The Augustine Catechism: The Enchiridion on Faith, Hope, and Love.  Saint Augustine of Hippo. New City Press. 144 pages. No price given..

This is a recent translation by Bruce Harbert of St. Augustine’s masterly, brief presentation of the Faith to his spiritual son Laurence. (Enchiridion is simply the Greek word for “handbook.”) In response to Laurence’s queries about matters divine, the Doctor of Grace explains that genuine wisdom is nothing other than piety, that piety is the worship of God, and that God is not worshiped properly unless He is worshiped in Faith, Hope, and Love. St. Augustine’s subsequent catechetical exposition surrounds and issues forth from the nature of the three theological virtues. This is a profound presentation of the Faith which can speak as clearly to the faithful now as it did in the fifth century.
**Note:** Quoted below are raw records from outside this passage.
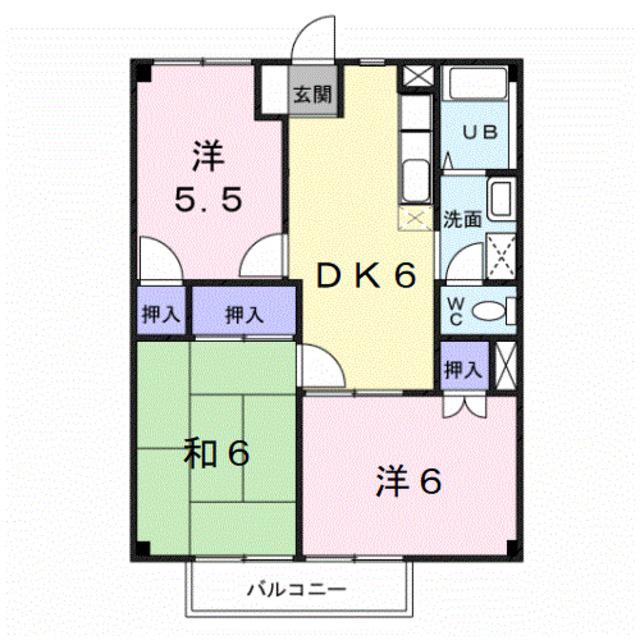 プロムナード菖蒲I(3DK/2階)の間取り写真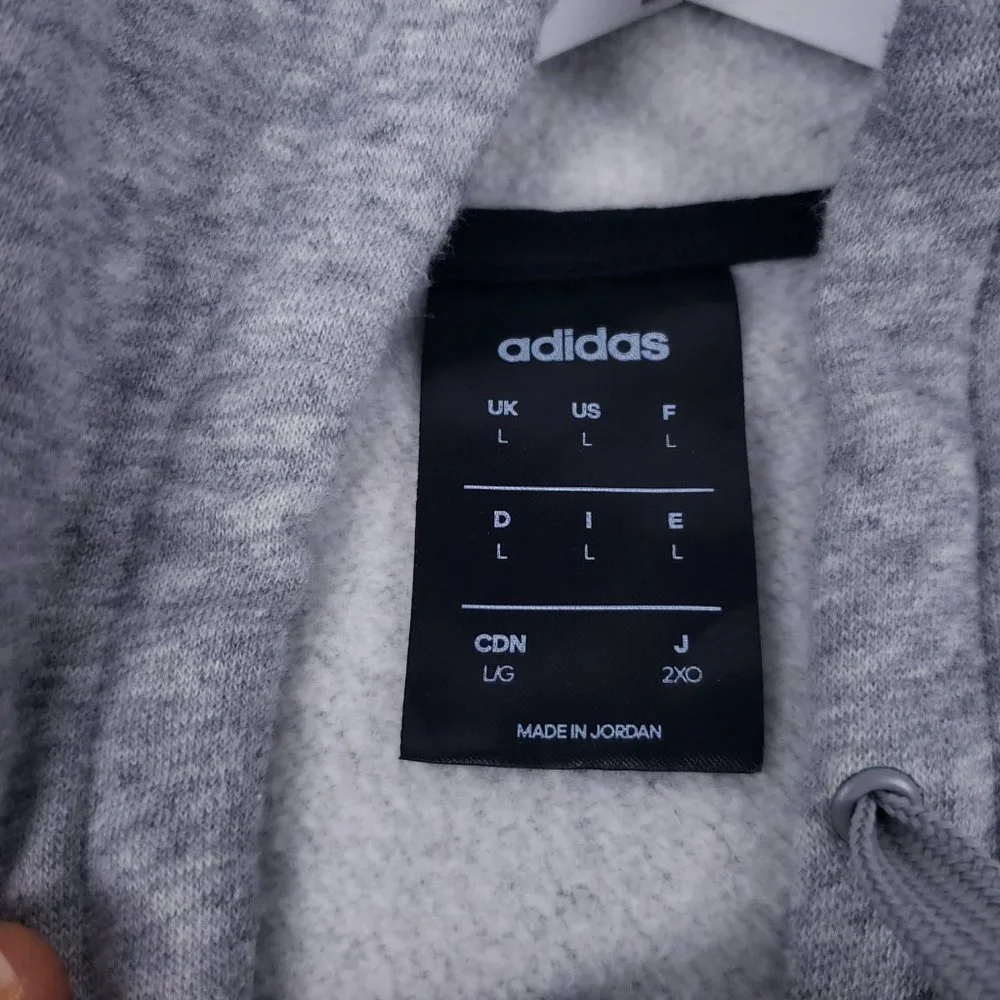 Adidas Sweatshirt Hoodie Size Large in Gray-Kangaroo Pocket-Fleece Lined - Picture 3 of 7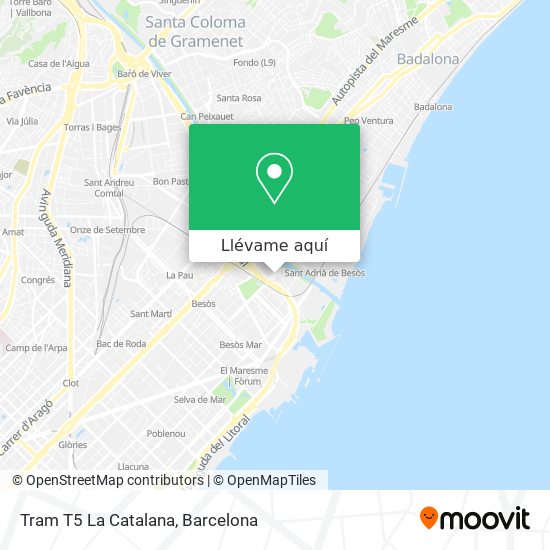 Mapa Tram T5 La Catalana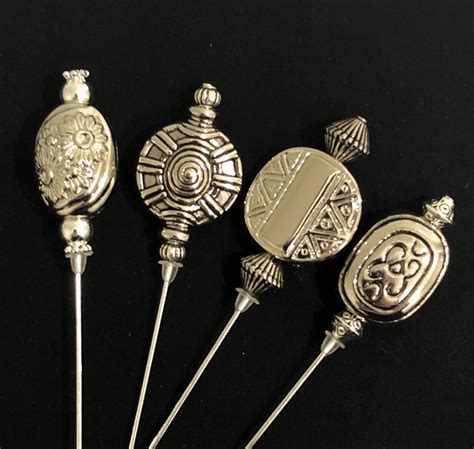 Silver Hat Pins A Selection Of 4 Beautiful Designs 15cm Long Etsy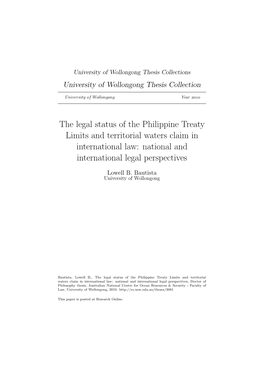 The Legal Status of the Philippine Treaty Limits and Territorial Waters Claim in International Law: National and International Legal Perspectives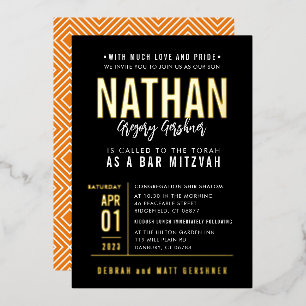 BAR MITZVAH modern bold block type black orange Foil Invitation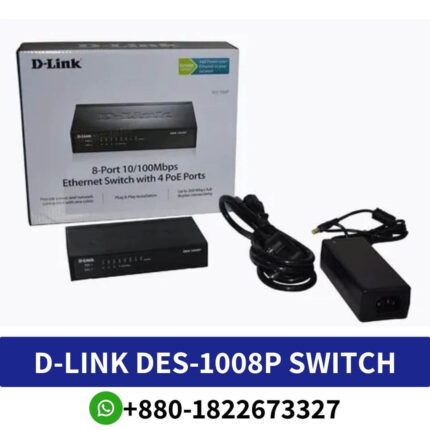D-Link DES-1008P 8-Port Desktop Switch with 4 PoE Ports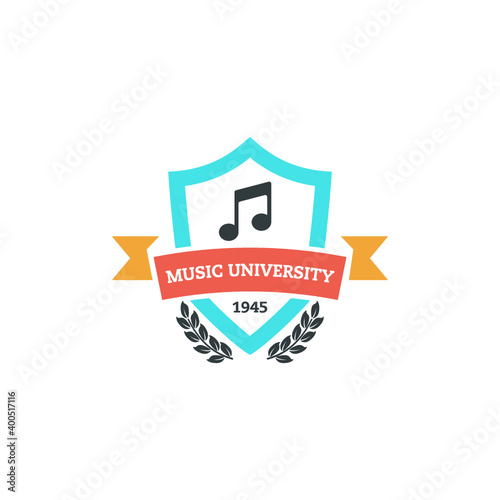 Modern Music school Logo Template Design Vector, Music academy Emblem, Design Concept, Creative Symbol, Icon 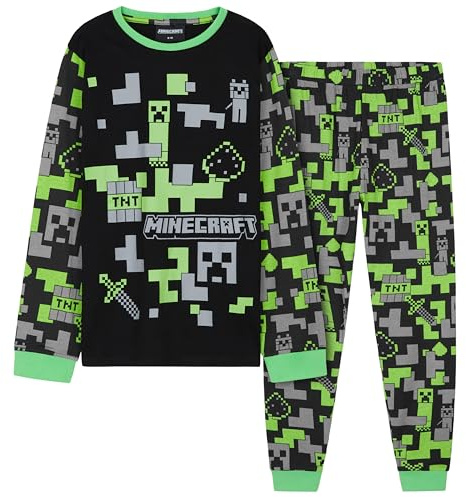 Minecraft Conjunto de Pijama Niño, Pantalón y Camiseta Largos - Regalo Niños y Adolescentes (Negro/Verde,9-10 años)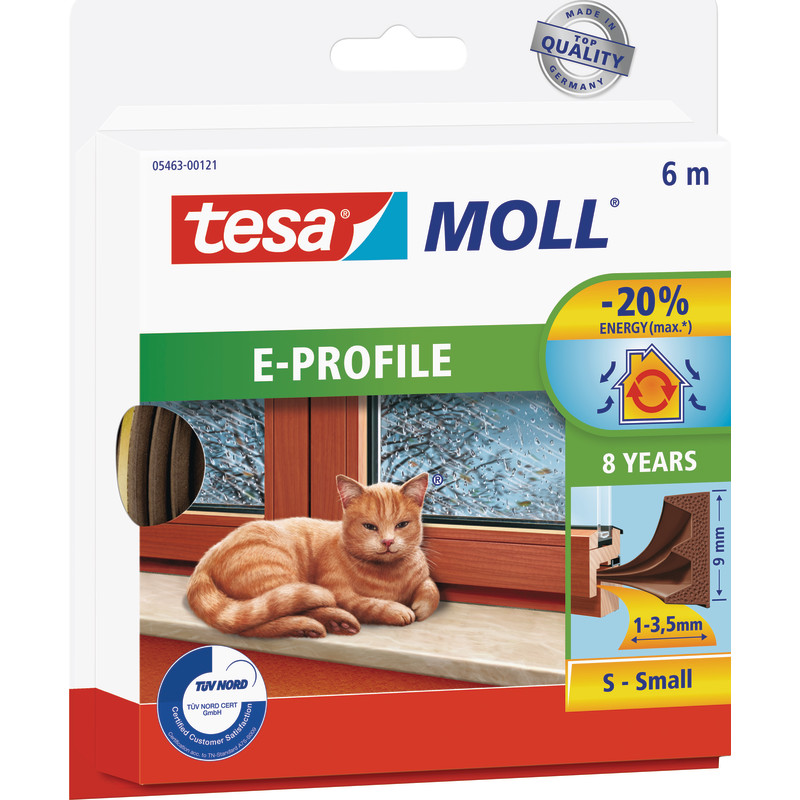 tesamoll® gummitætningsliste E-profil 6mx9mmx4mm brun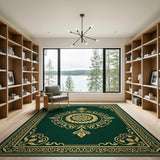 Green Emerald Green Ornate Persian Area Rug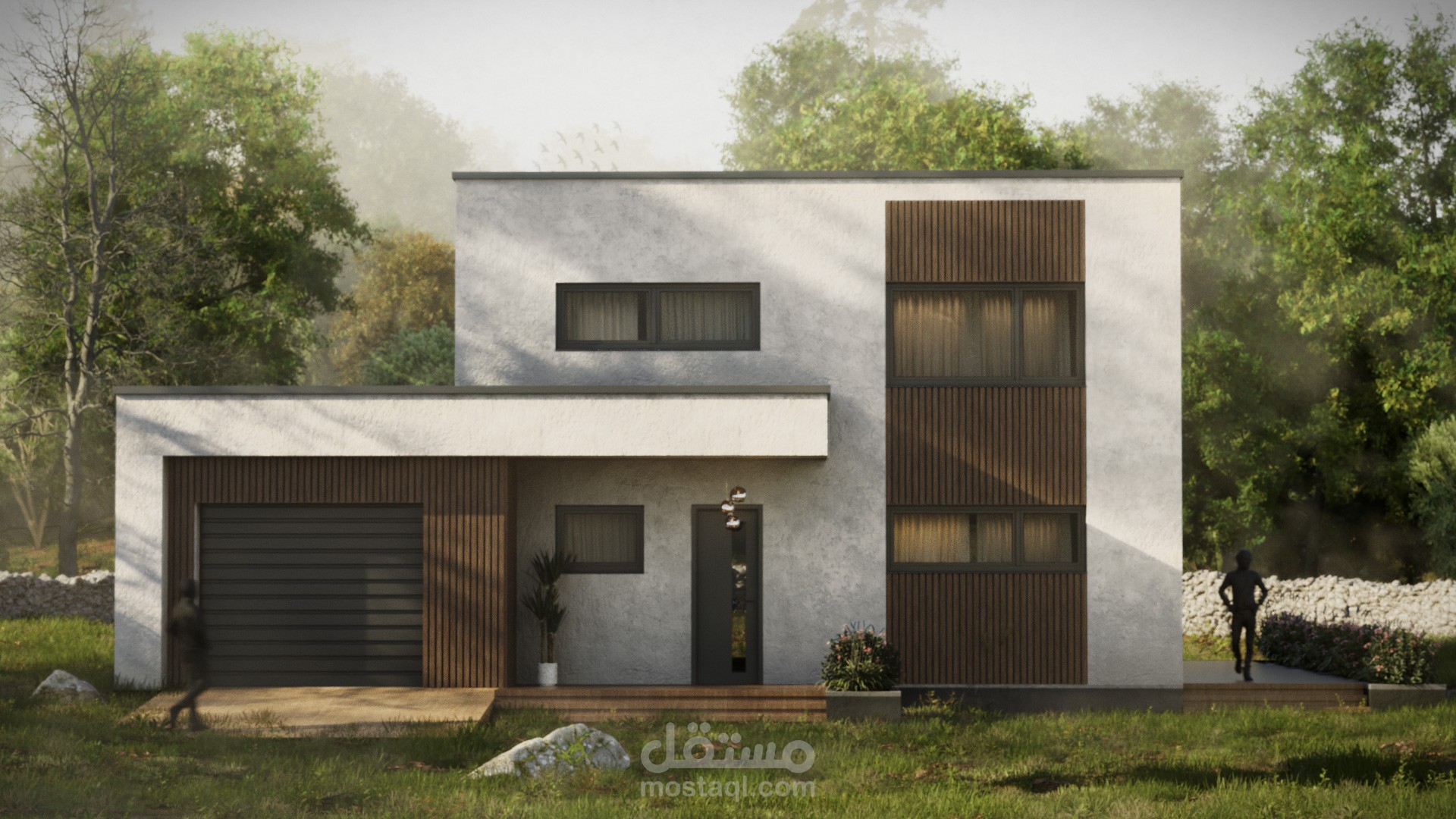 إظهار معماري خارجي واقعي لمنزل وسط بيئة طبيعية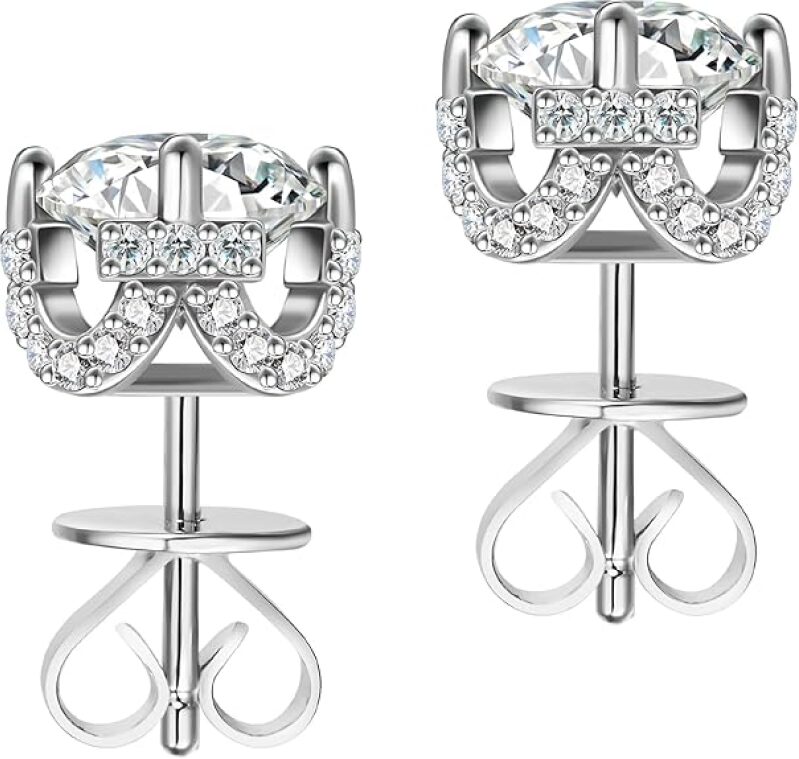 2 Carat Moissanite Stud Earrings | D Color VVS1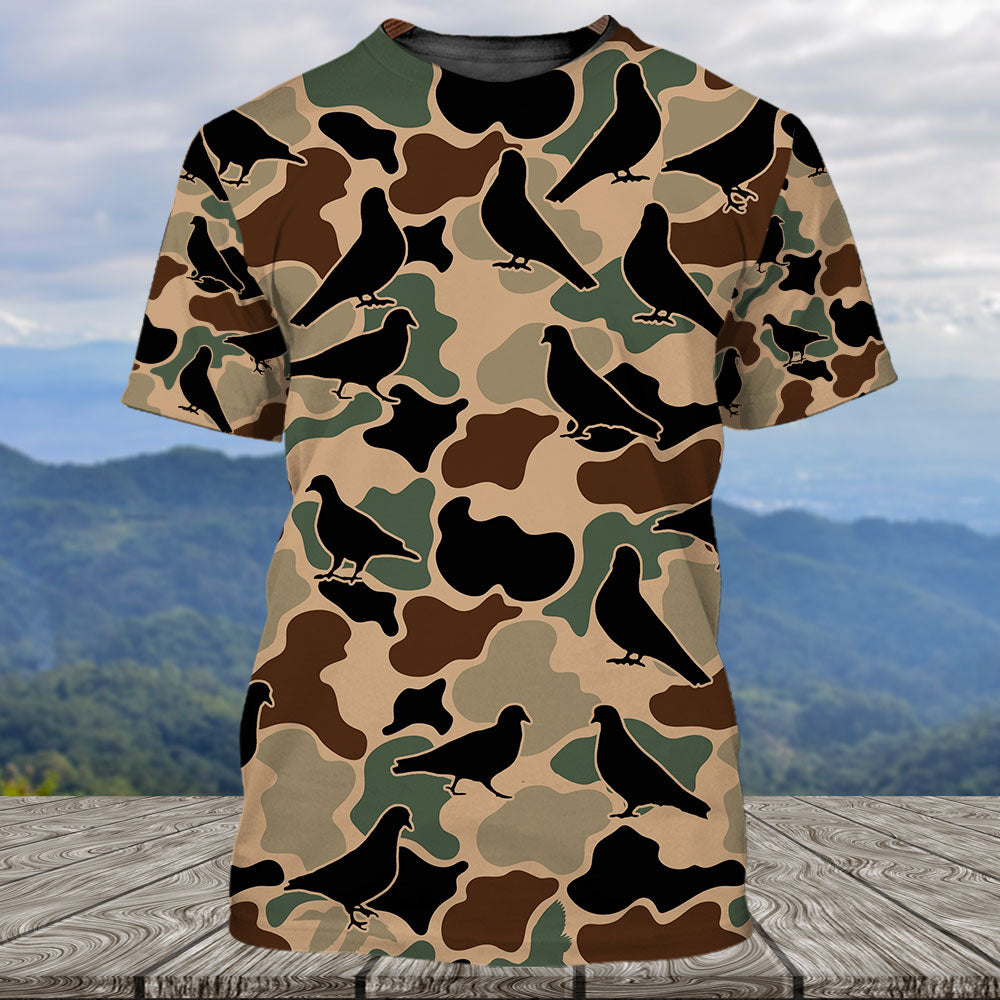 Dove Bird Camouflage Pattern All Over Print Shirt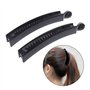 MINGSTORE 2 pièces 10 cm Pinces à Cheveux Banane tête carrée Noire Porte-Queue de Cheval Barrette en Plastique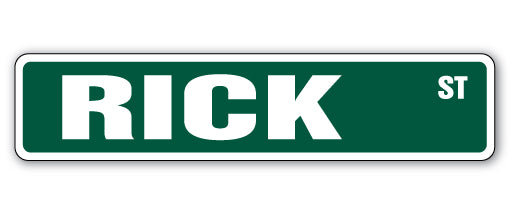 Plaque de rue Rick en plastique robuste 4 po x 18 po
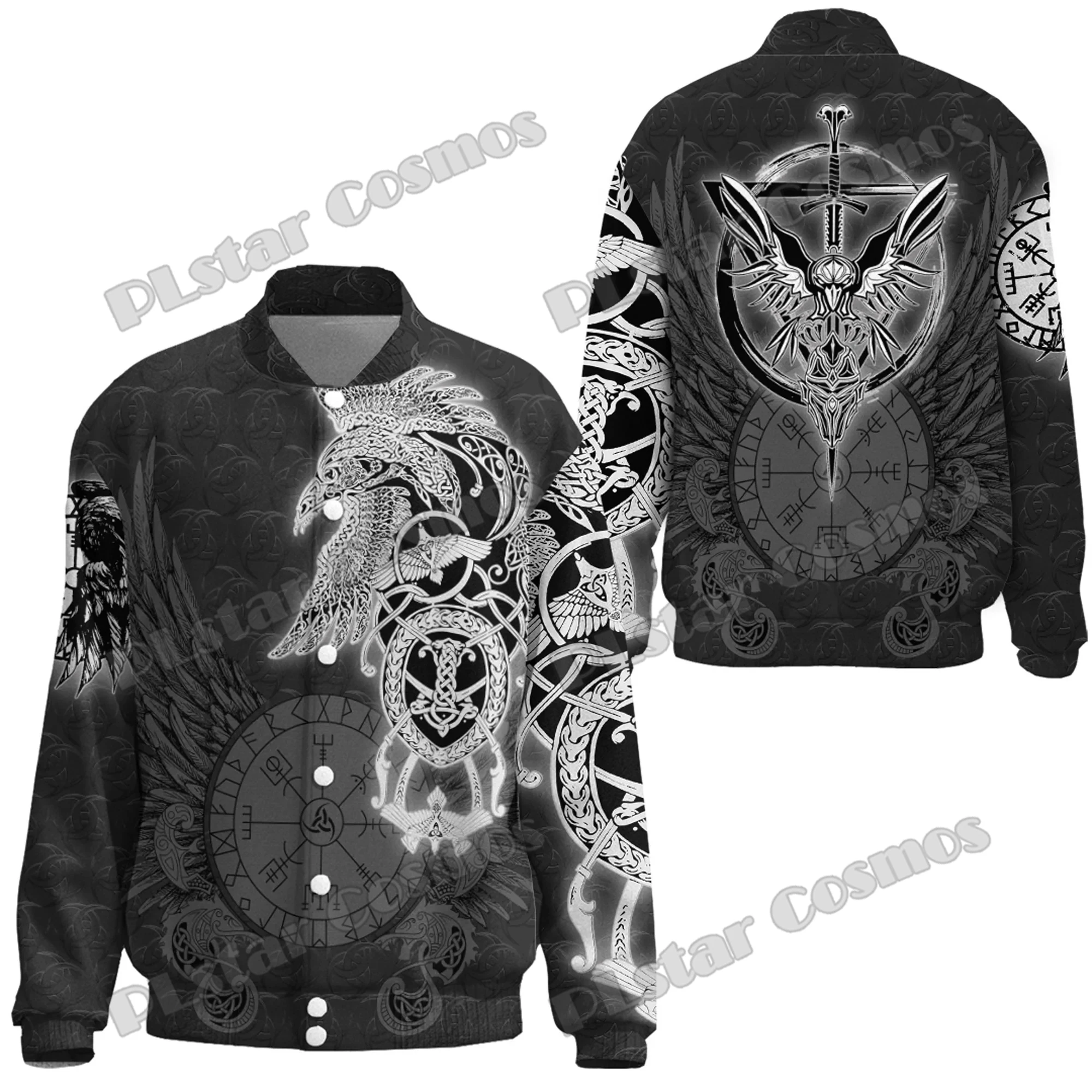 Raven Gold Tattoo Symbol 3D Printed Fashion Men's Thicken Stand-Collar Jacket Unisex Casual Winter Baseball Jacket FX50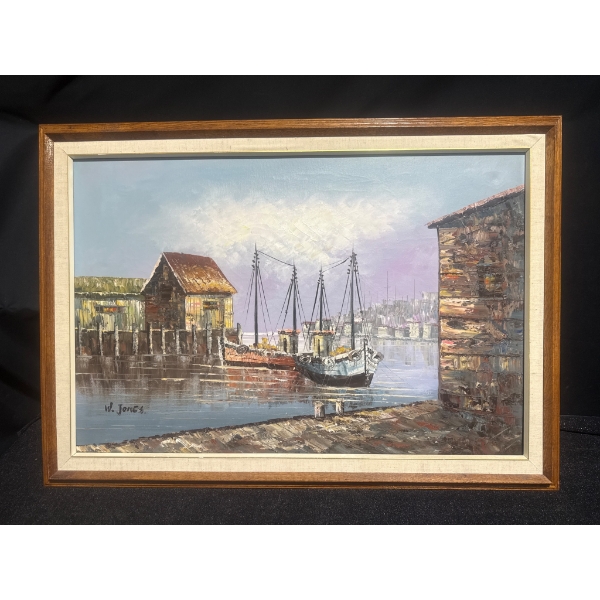 Framed Oil Painting Depicting a Harbor Scene, Signed W. Jones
The Common Things: Essays on Thomism and Education.  Edited by Daniel McInerny. American Maritain Association. 281 pages. $15.

Fifty-six years ago Jacques Maritain described North America as being “at the crossroads.” Since then it has become all too clear that the majority of educational institutions have pursued the road that leads away from the quest for objective truth, objective moral standards, and especially wisdom. Rather than seeking to know the common things available to every human mind, these institutions pursue “the privacies of custom, technique, and contingent desire.” The evident — and tragic — result has been the radical fragmentation of an academic curriculum that has no genuine principle of integration. These 22 essays, however, can all be integrated by one principle. They all share in the spirit of St. Thomas Aquinas and, accordingly, they point educational institutions back to the road which leads to those common things to which man’s intellect is naturally ordered.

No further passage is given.